§ **Directions for this task**:
Word for word, repeat the entries, minus the pictures.

§ **Source records**:
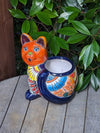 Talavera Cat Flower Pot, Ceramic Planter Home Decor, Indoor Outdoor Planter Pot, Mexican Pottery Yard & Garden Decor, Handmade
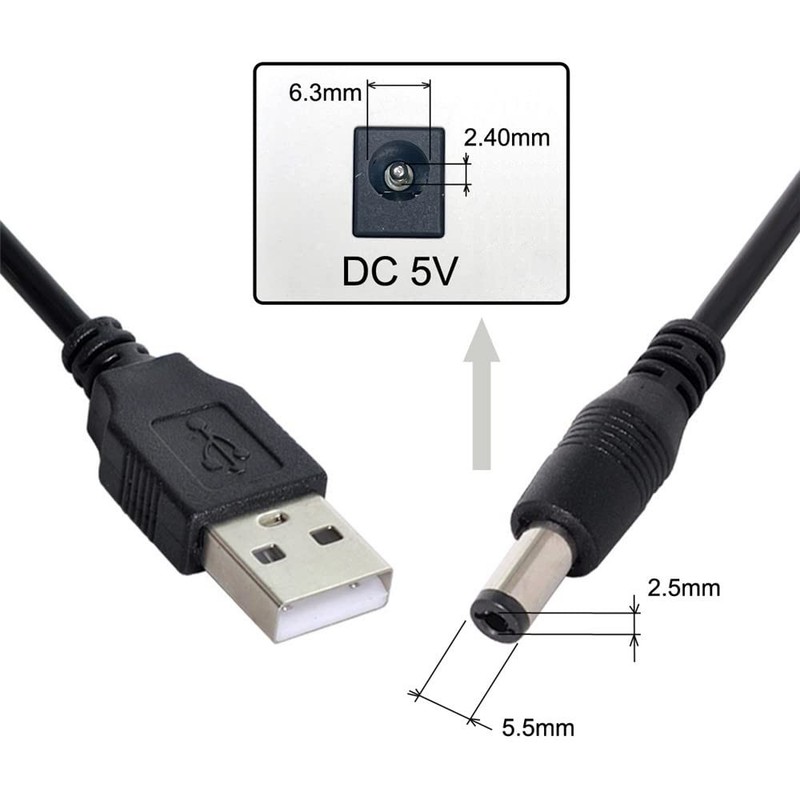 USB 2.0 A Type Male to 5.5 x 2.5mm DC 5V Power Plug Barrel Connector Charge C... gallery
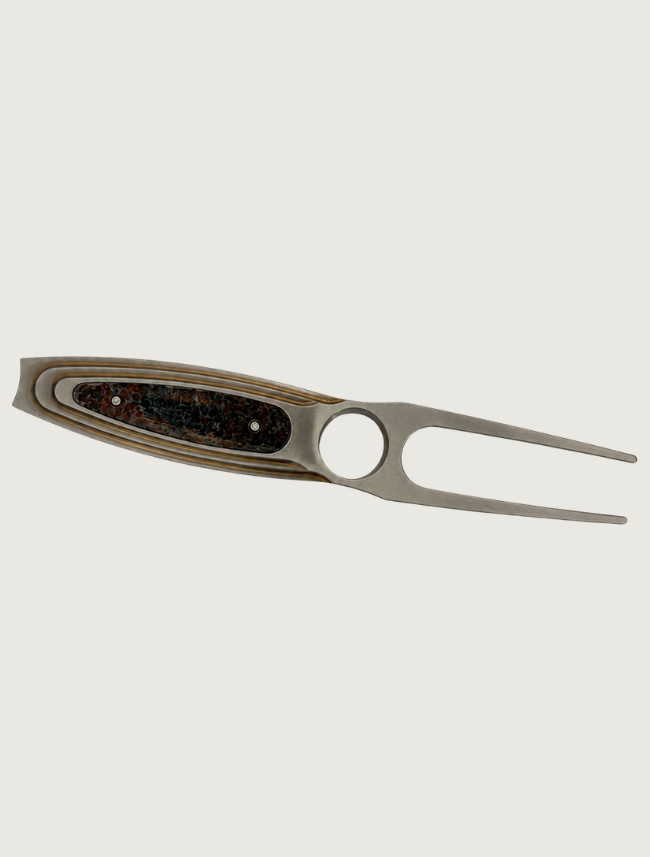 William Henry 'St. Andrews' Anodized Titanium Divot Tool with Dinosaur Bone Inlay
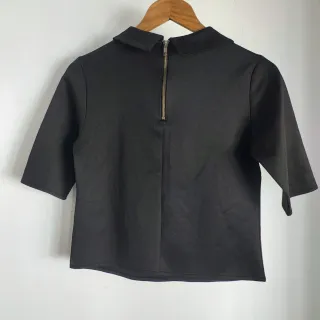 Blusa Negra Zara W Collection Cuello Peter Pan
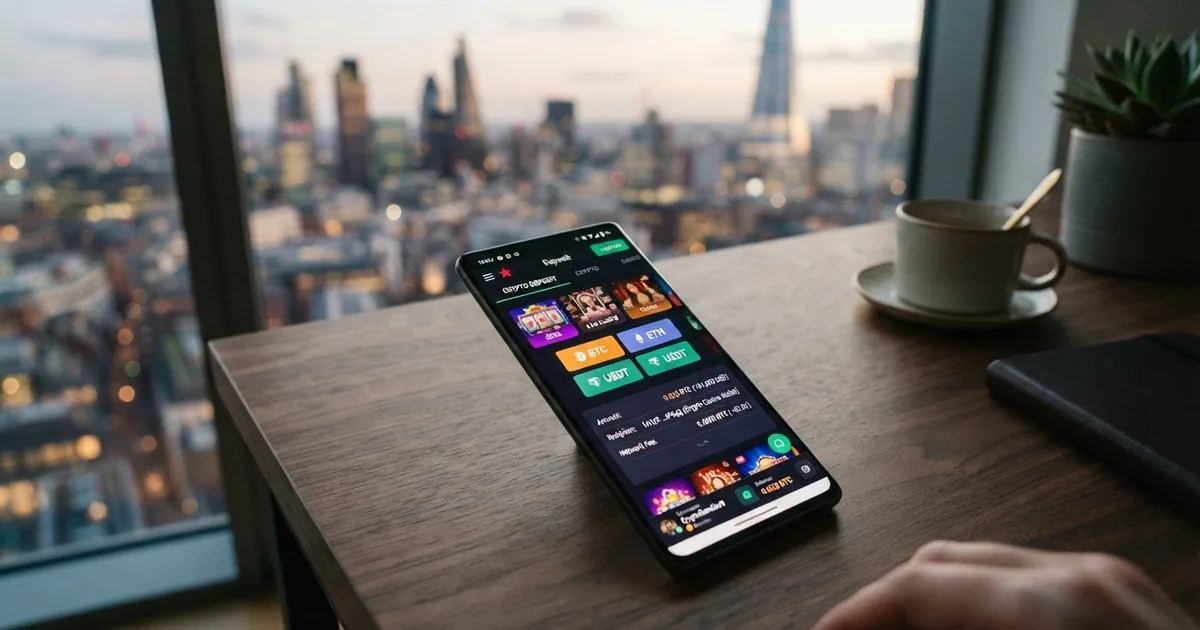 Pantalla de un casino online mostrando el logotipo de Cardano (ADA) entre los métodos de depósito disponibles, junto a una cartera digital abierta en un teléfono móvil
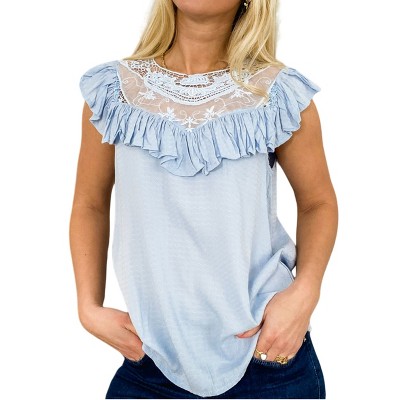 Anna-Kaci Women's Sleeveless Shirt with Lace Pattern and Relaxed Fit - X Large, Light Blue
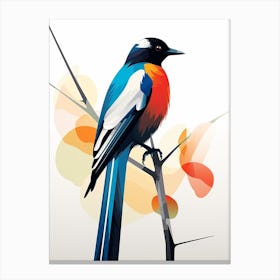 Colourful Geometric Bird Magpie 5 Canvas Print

§ **Worked solution**:
 Talavera Cat Flower Pot, Ceramic Planter Home Decor, Indoor Outdoor Planter Pot, Mexican Pottery Yard & Garden Decor, Handmade
 USB 2.0 A Type Male to 5.5 x 2.5mm DC 5V Power Plug Barrel Connector Charge C... gallery
 William Henry 'St. Andrews' Anodized Titanium Divot Tool with Dinosaur Bone Inlay
 Blusa Negra Zara W Collection Cuello Peter Pan
 Pantalla de un casino online mostrando el logotipo de Cardano (ADA) entre los métodos de depósito disponibles, junto a una cartera digital abierta en un teléfono móvil
 Anna-Kaci Women's Sleeveless Shirt with Lace Pattern and Relaxed Fit - X Large, Light Blue
 Colourful Geometric Bird Magpie 5 Canvas Print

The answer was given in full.